В период заседаний Первого еврейского комитета поверенные действовали параллельно с официальными депутатами. Так, в упоминавшемся выше казусе с высылкой евреев из Смоленска в защиту высылаемых выступили Ноткин (возможно, в качестве еврейского депутата)[610], а затем поверенный смоленских евреев золотых дел мастер Шлеймович. Последний в начале июля 1803 г. добился аудиенции у В.П. Кочубея и «представил… от себя и от товарищей своих, в Смоленске находящихся» жалобу на местный магистрат, инициировавший высылку евреев, и губернское правление, осуществлявшее эту репрессивную меру, несмотря на наличие у евреев паспортов на временное пребывание в городе[611]. Кочубей распорядился приостановить высылку до издания нового положения о евреях[612], что и было исполнено[613]. Примечательно, что в качестве инициативного документа дела фигурировало не прошение Ноткина, а просьбы (возможно, даже устные) куда менее значительной фигуры – Шлеймовича. Отметим, что ремесленник, пусть даже такой высокой квалификации, как золотых дел мастер, находился на низкой ступени социальной иерархии в традиционном еврейском обществе. При том что определенная дифференциация между более или менее престижными профессиями, между владельцами мастерских и ремесленниками, работавшими по найму, четко осознавалась внутри самой ремесленной среды, еврейская элита одинаково презирала всех ремесленников, независимо от имущественного статуса. Последнее выражалось в первую очередь в недопустимости брачных союзов между этими двумя группами еврейского населения. В свете этого выдвижение ремесленника в качестве представителя еврейской общины перед центральной властью выглядело довольно необычным[614].

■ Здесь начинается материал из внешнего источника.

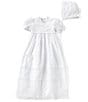 Color:White - Image 1 - Baby Girls Newborn-12 Months Victorian Christening Gown & Matching Bonnet Set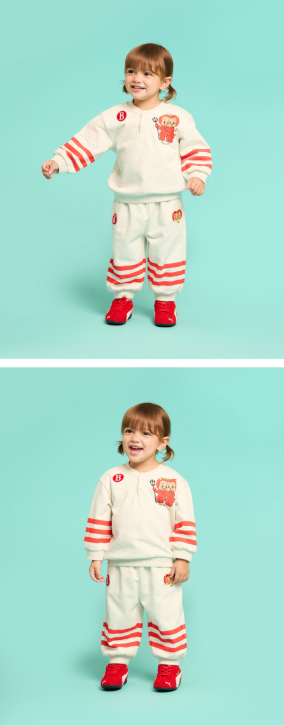BEBE DE PINO Little demons baby tipping sweatpants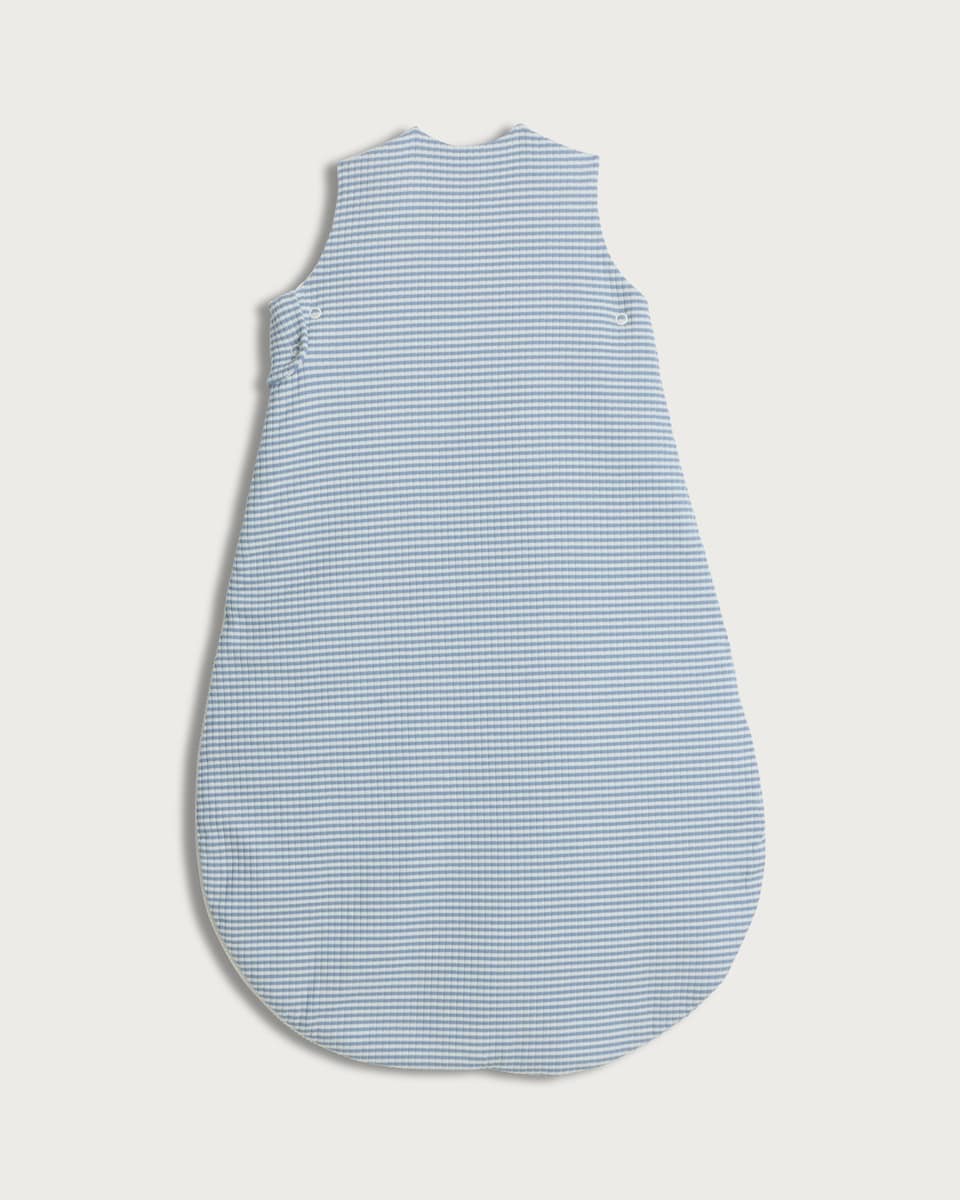 image 1 of F&F Baby Cotton Rich Stripe Print Animal Friends 1.5 Tog Sleeping Bag in Blue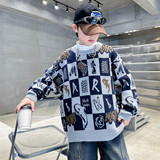 儿童装男童冬装加厚毛衣新款大童秋冬款男孩冬季水貂绒针织衫，童装毛衣，摩比熊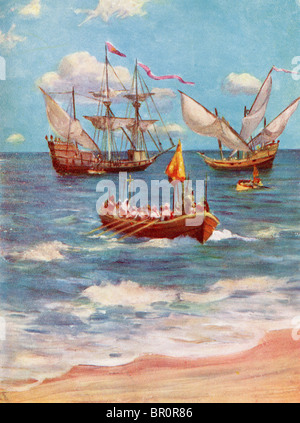 Vasco Da Gama Landung in der Nähe von Calicut, Indien im Jahre 1498. Vasco da Gama, 1. die Anzahl der Vidigueira, c 1460 / 1469 - 1524. Stockfoto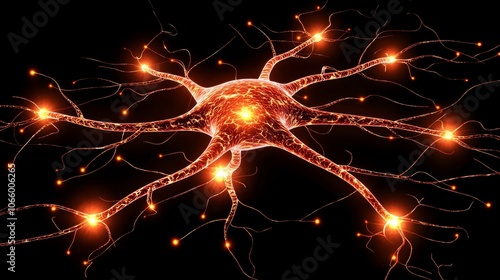 Brain synapses, zoomed-in detail, electrical impulses photo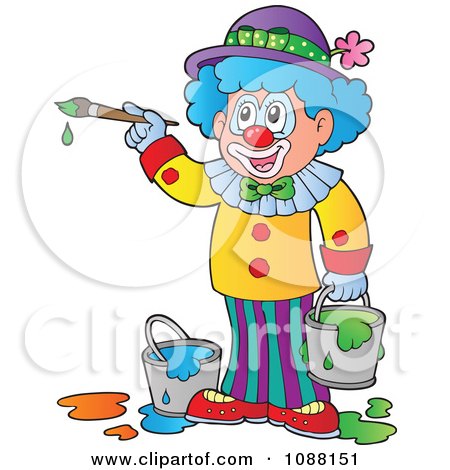 Clipart Circus Clown Painting - Royalty Free Vector Illustration by visekart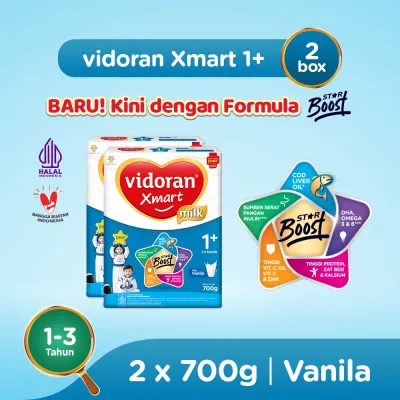 vidoran Xmart 1+ Vanilla 700gr Susu Formula Pertumbuhan Anak 1-3 Tahun - 2 box (Exp : 04.2027)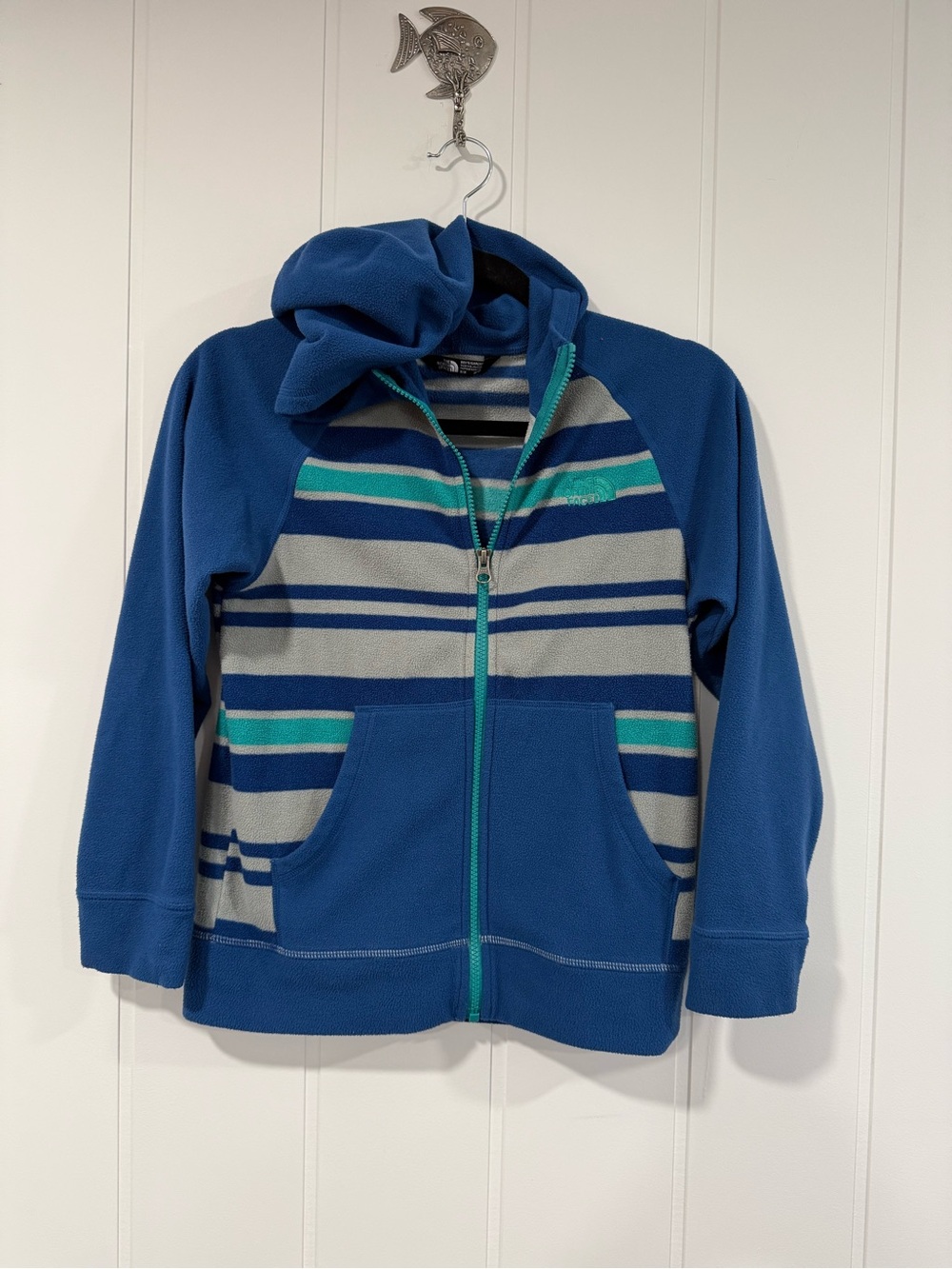 The North Face Boys Blue Striped Fleece Zip Hoodie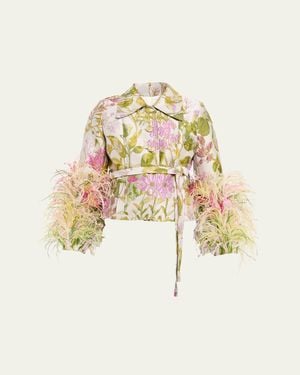 Libertine Dianthus Jacquard Feather-Trim Single-Breasted Jacket - White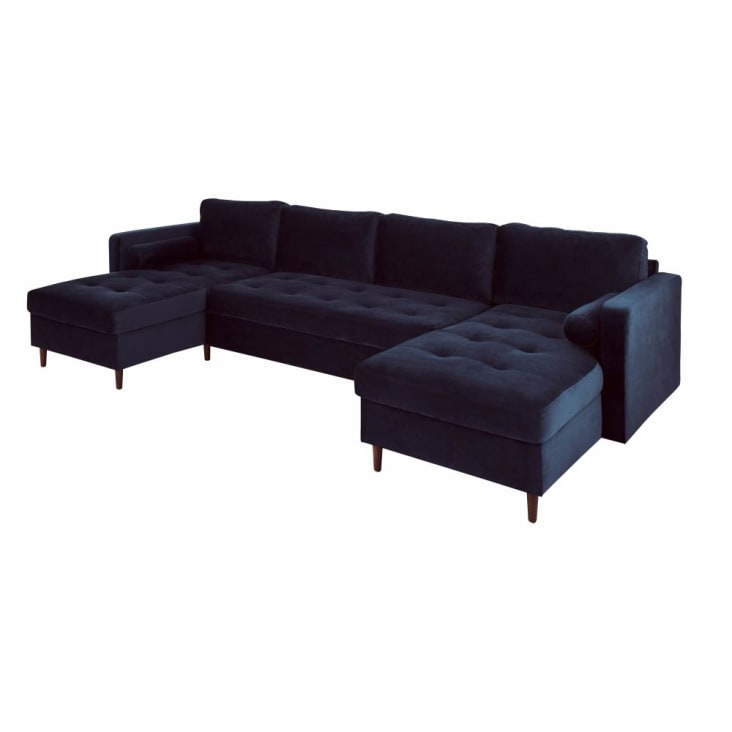 Maisons Du Monde Olivia - Sofá Cama Esquinero De 7/9 Plazas De Terciopelo Azul Oscuro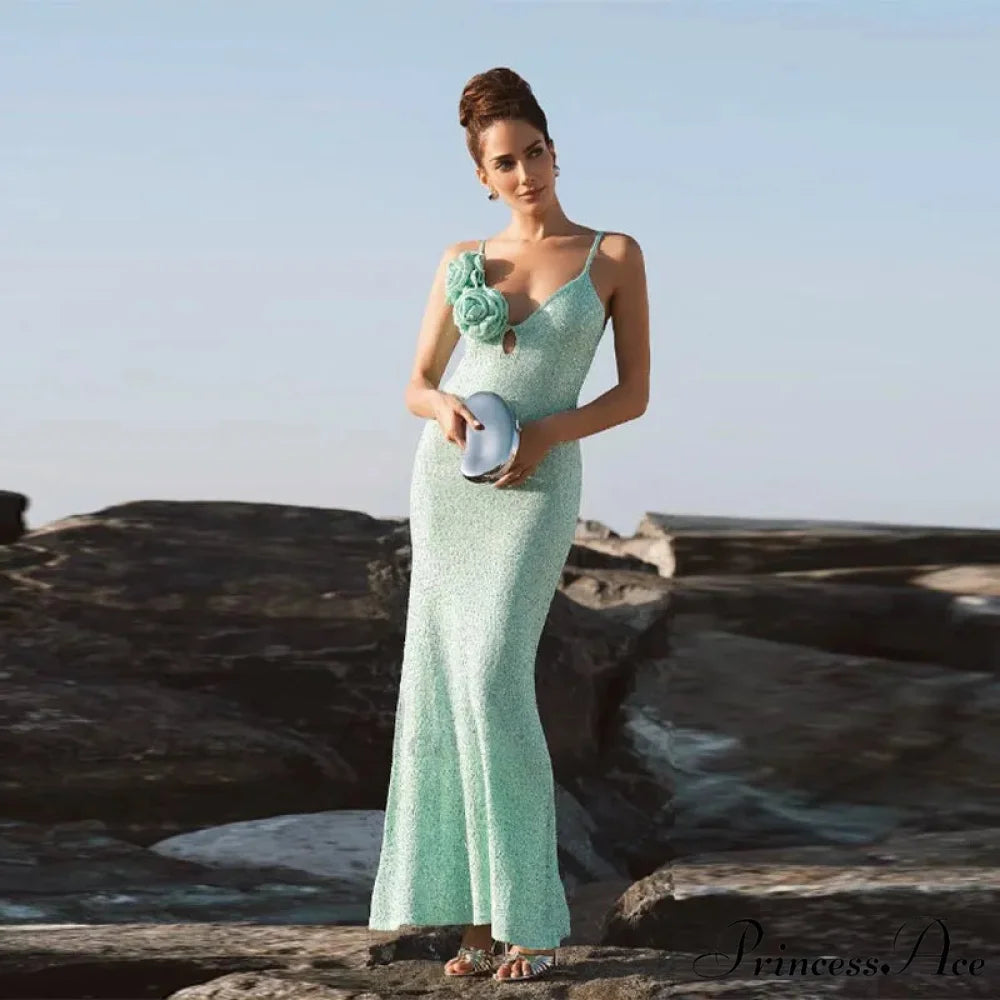 Green 3D Flower Charming Sequin Cami Maxi Dress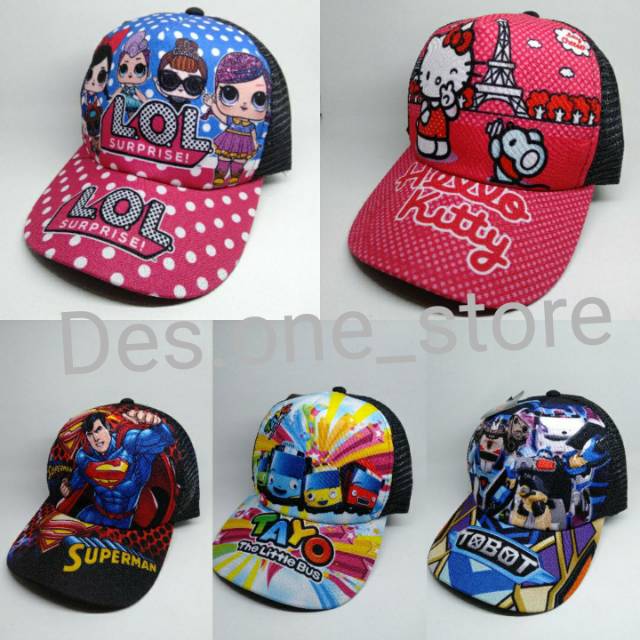 TOPi JALA KARTUN/ TOPI ANAK  KARTUN USIA 3-10TAHUN |topi jaring anak karakter Hero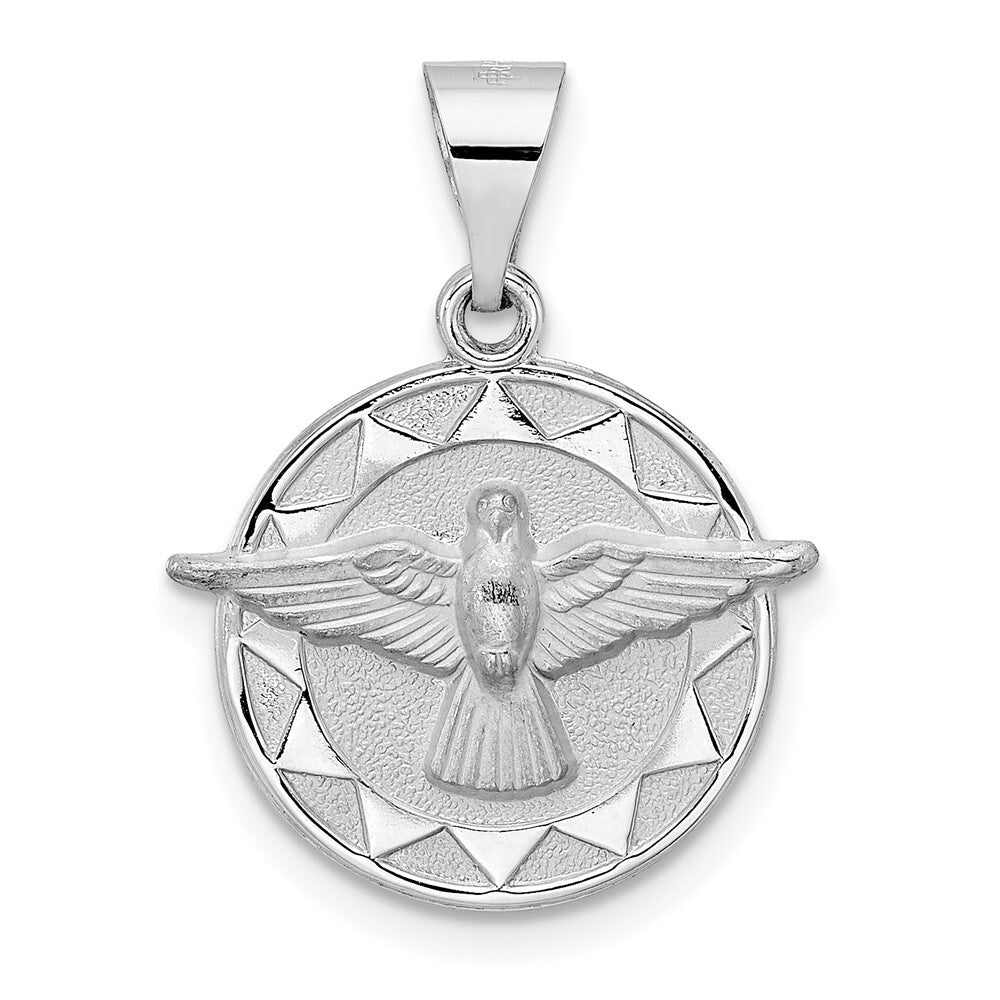 14k White Gold Polished and Satin Hollow Holy Spirit Pendant for Women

Более традиционной формой выражения еврейских интересов были выступления от имени кагалов. Так, после пожара в Брест-Литовске, 19 февраля 1802 г. члены местного кагала Абрам Елиович, Гершко Йоселевич, Герцель Лейбович и Абрам Мордкович обратились со всеподданнейшим прошением о выдаче ссуды из казны на восстановление еврейского квартала и об освобождении от податей[615]. В начале прошения главы кагала выступают от лица брестских «обывателей» в целом, которые заранее приносят благодарность за императорское милосердие, и только затем – от лица «брестского еврейского общества». При этом «еврейское общество» не тождественно кагалу[616]. Осознавая свое выступление как «ощутительную дерзость», кагальные тем не менее стремились доказать, что кагал является частью государственного аппарата, и, следовательно, восстановление сгоревшей кагальной избы и домов членов кагала следует осуществить за казенный счет[617]. «Кагальная изба», таким образом, приравнивается к «присутственному месту», а дома членов кагала – к «казенным квартирам»[618].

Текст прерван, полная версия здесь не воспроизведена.